# [What you have to do]
Return nothing but the lines from the one with "<b>KRONET AV SIN" through the one with "НАЙ-НИСКА ЦЕНА! Сатенена" in the data below, word for word and without pictures.

# [Data supplied]
━━━

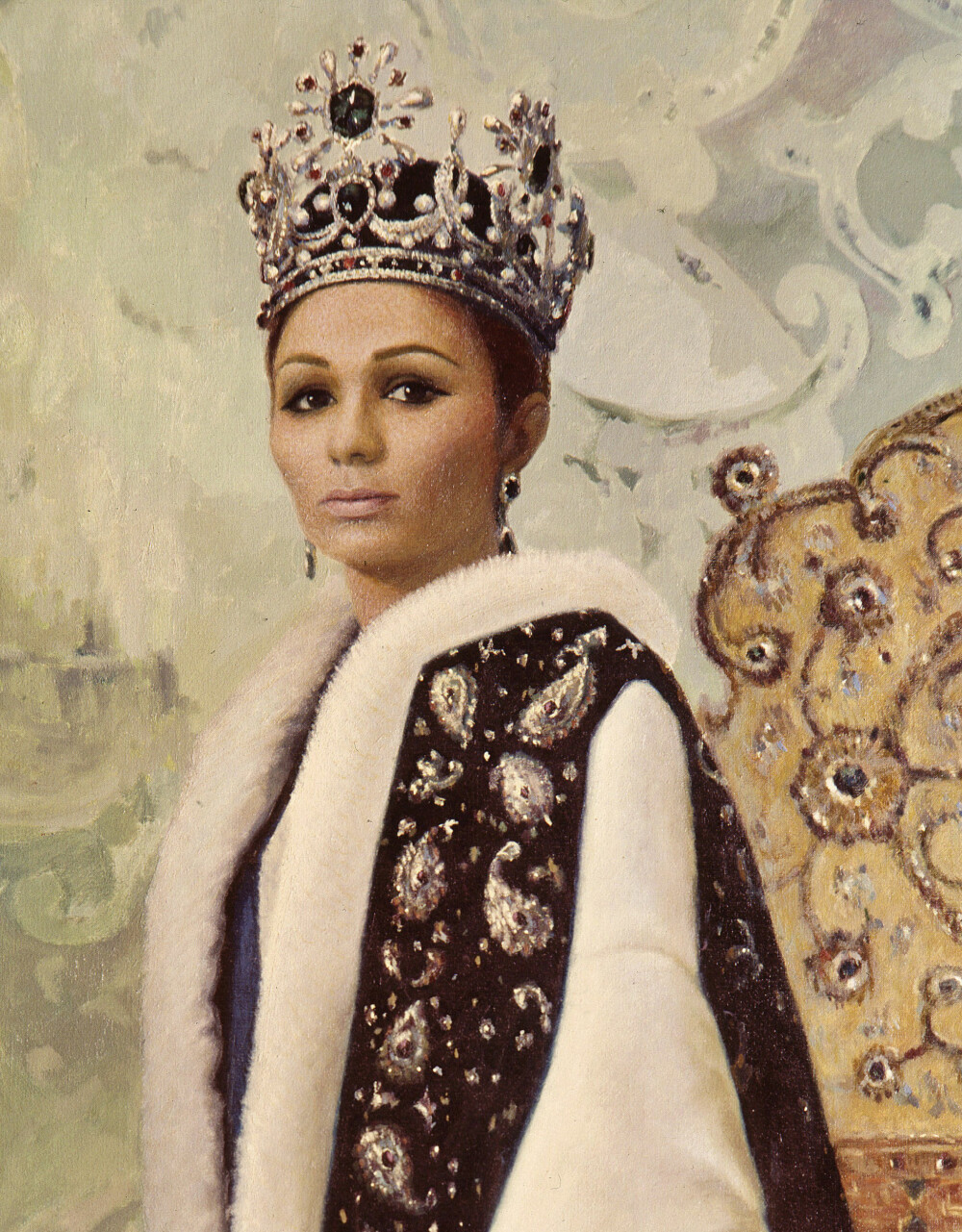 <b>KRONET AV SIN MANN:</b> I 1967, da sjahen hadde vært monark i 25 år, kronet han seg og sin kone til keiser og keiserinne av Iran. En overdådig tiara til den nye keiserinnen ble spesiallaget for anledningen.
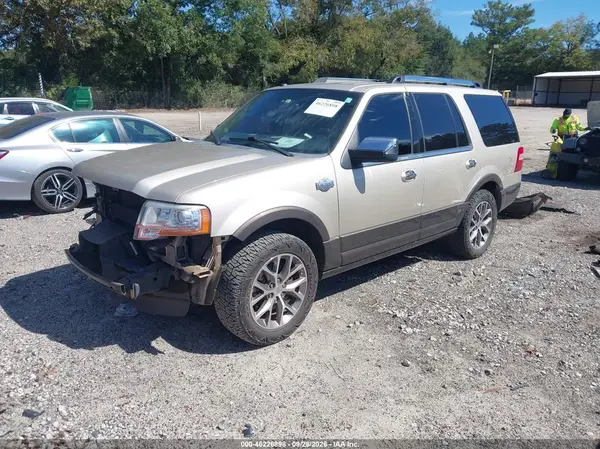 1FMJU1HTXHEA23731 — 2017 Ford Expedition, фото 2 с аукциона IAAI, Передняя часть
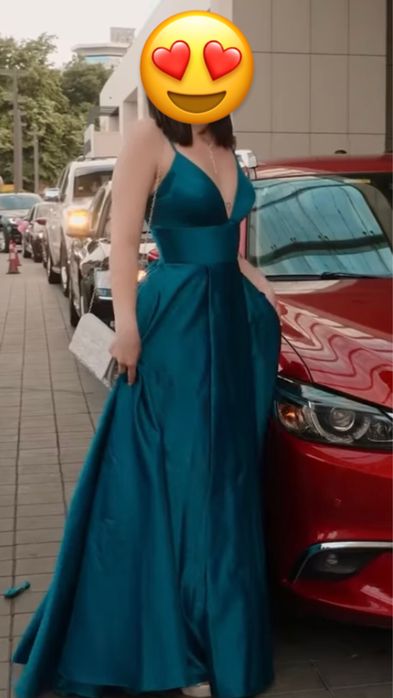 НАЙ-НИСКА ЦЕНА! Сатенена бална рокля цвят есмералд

━━━

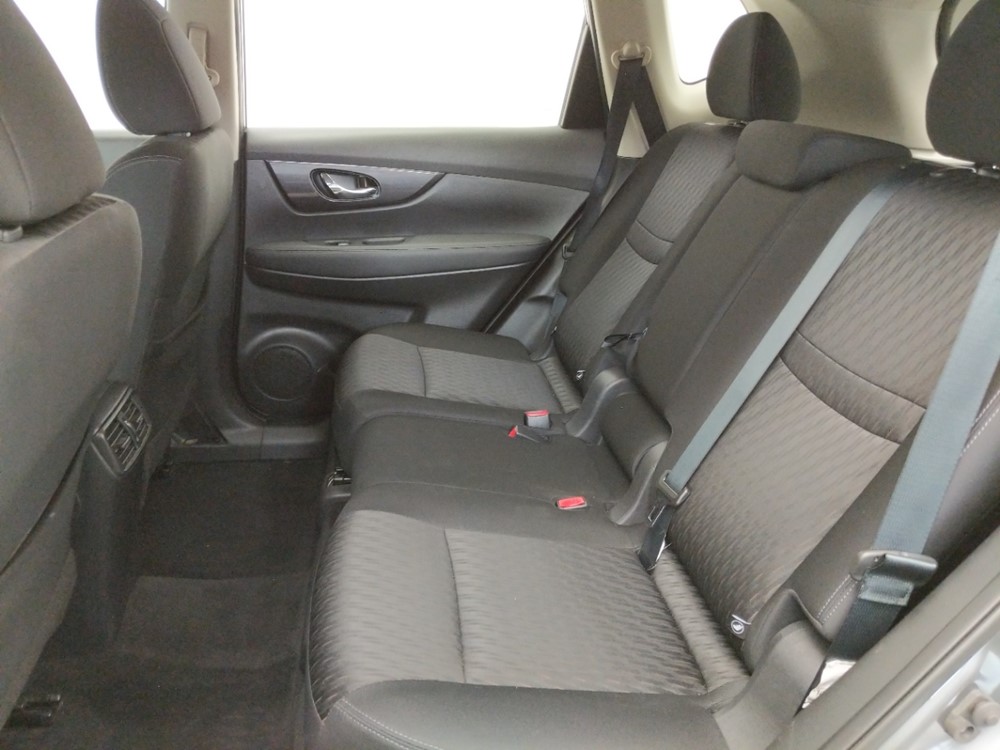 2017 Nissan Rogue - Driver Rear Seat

━━━

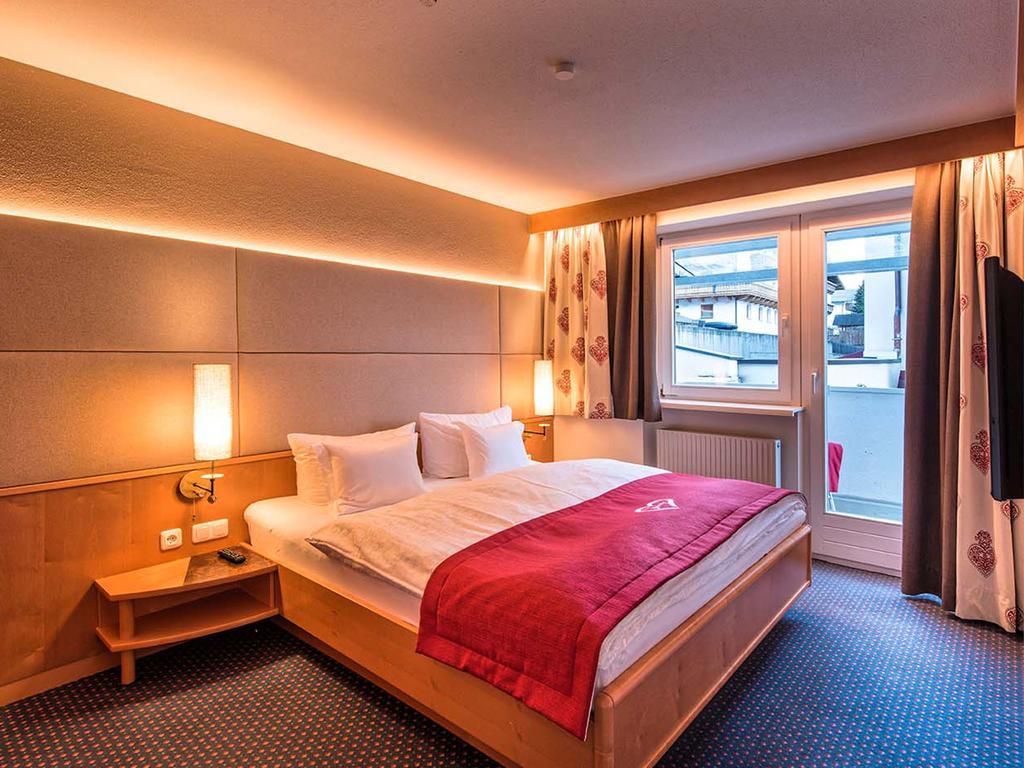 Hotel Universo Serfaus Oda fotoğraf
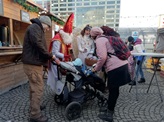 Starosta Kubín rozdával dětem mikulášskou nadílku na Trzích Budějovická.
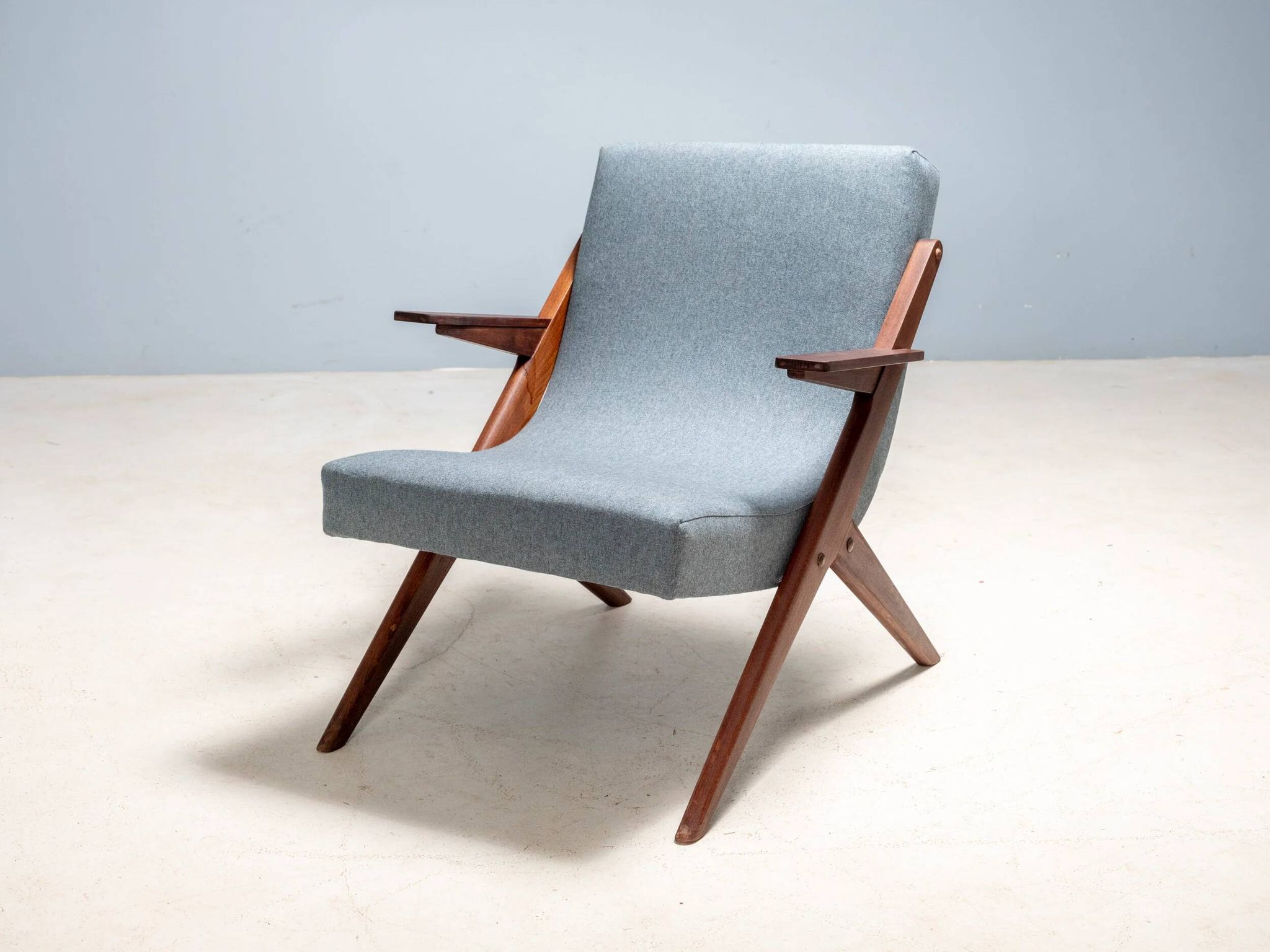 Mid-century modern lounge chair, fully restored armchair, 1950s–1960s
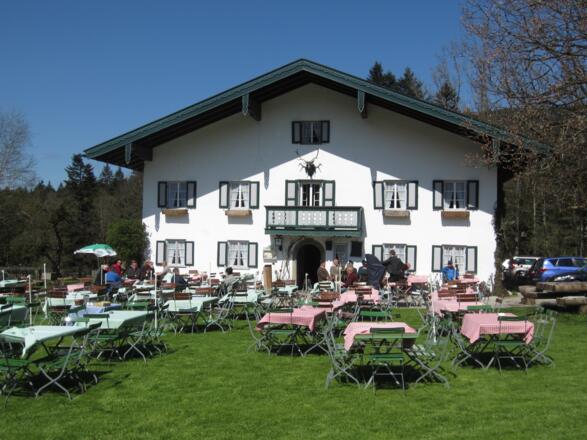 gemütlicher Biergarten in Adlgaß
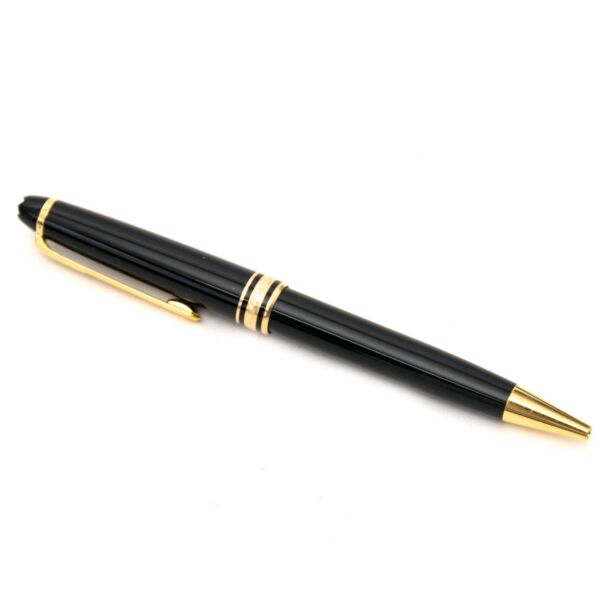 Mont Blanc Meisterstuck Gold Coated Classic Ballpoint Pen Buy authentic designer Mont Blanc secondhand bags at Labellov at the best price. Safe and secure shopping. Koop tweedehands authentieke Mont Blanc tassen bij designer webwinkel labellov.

━━━

# [Answer for the task]
 <b>KRONET AV SIN MANN:</b> I 1967, da sjahen hadde vært monark i 25 år, kronet han seg og sin kone til keiser og keiserinne av Iran. En overdådig tiara til den nye keiserinnen ble spesiallaget for anledningen.
 1FMJU1HTXHEA23731 — 2017 Ford Expedition, фото 2 с аукциона IAAI, Передняя часть
 НАЙ-НИСКА ЦЕНА! Сатенена бална рокля цвят есмералд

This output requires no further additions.